Engineering Contradictions & Design Principles
Engineering Contradiction Analysis
1Measurement precision
If reactive detection systems (tire-mounted sensors, surround-view cameras) are used to identify hydroplaning events, then detection capability is provided, but the system cannot predict loss of traction events before they occur
Solution Approach 1:
The system performs preliminary actions by collecting and analyzing weather data, road condition data, and vehicle performance data before loss of traction events occur. This enables the system to predict hazardous conditions in advance, allowing proactive routing decisions rather than reactive responses after hydroplaning begins.
Solution Approach 2:
The system introduces an intermediary predictive layer between the environmental conditions and the vehicle control system. By using machine learning models that process weather, road, and vehicle data, the system mediates between raw environmental factors and actionable predictions, enabling early warning before actual loss of traction occurs.

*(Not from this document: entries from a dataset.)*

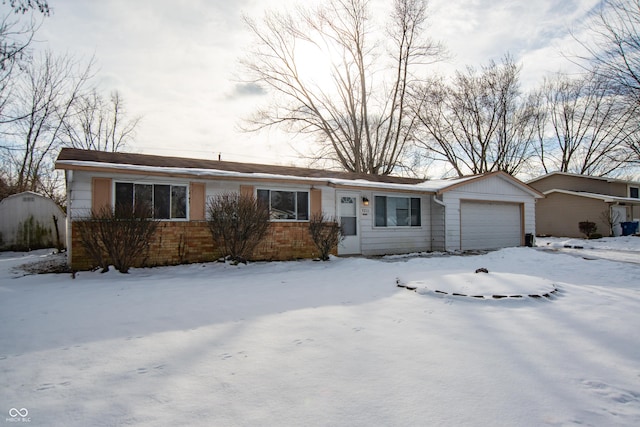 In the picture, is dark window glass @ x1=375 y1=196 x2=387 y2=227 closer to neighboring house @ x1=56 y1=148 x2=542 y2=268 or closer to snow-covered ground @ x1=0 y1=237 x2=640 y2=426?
neighboring house @ x1=56 y1=148 x2=542 y2=268

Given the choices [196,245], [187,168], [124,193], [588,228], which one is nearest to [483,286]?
[196,245]

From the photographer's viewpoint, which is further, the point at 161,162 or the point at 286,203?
the point at 286,203

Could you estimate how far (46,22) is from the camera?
21.4 feet

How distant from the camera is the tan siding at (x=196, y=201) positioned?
9.03 m

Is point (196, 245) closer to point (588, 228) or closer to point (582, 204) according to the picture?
point (588, 228)

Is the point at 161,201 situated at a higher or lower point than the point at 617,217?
higher

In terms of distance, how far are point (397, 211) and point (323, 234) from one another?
3900mm

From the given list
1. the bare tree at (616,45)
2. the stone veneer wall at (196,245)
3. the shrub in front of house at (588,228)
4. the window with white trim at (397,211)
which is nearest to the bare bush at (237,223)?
the stone veneer wall at (196,245)

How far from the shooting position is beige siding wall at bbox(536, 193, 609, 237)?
20328 mm

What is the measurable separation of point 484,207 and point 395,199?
13.9ft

2Adaptability or versatility
If handover control to human driver is implemented when hydroplaning conditions are detected, then human judgment is utilized, but the vehicle may be veering out-of-control and the operator may not have sufficient time to respond
Solution Approach 1:
The system performs preliminary routing adjustments before the vehicle enters hazardous conditions. By predicting loss of traction events in advance, the system proactively modifies the route or provides advance warning to the driver, ensuring sufficient response time rather than attempting emergency handover when the vehicle is already out of control.
Solution Approach 2:
The system applies preliminary anti-action by taking preventive measures before the harmful effect occurs. Instead of reacting to hydroplaning after it starts, the system predicts hazardous conditions and adjusts routing or alerts the driver in advance, preventing the dangerous situation from developing.
3Ease of operation
If existing navigation systems provide routing instructions, then basic navigation is provided, but the systems cannot predict or avoid loss of traction events
Solution Approach 1:
The navigation system performs preliminary risk assessments by analyzing weather data, road condition data, and predictive models before generating routing instructions. This enables the system to identify and avoid segments with high probability of loss of traction events, providing safe routing in advance rather than basic navigation after hazards occur.
Solution Approach 2:
The system incorporates feedback loops where vehicle performance data, weather updates, and road condition information continuously refine the predictive models. This feedback mechanism allows the navigation system to adapt routing recommendations based on real-time conditions and predicted changes, improving safety while maintaining ease of operation.
Data Source
AI summary
System and methods are provided for predicting, reacting to, and avoiding loss of traction events, such as hydroplaning for autonomous vehicles. For example, the method predicts a risk of an area being subject to hydroplaning using real-time data and/or historical data. The method may store possible hydroplaning events in a geographic map along with a risk assessment. The method provides lane level hydroplaning risk predictions and avoidance mechanisms.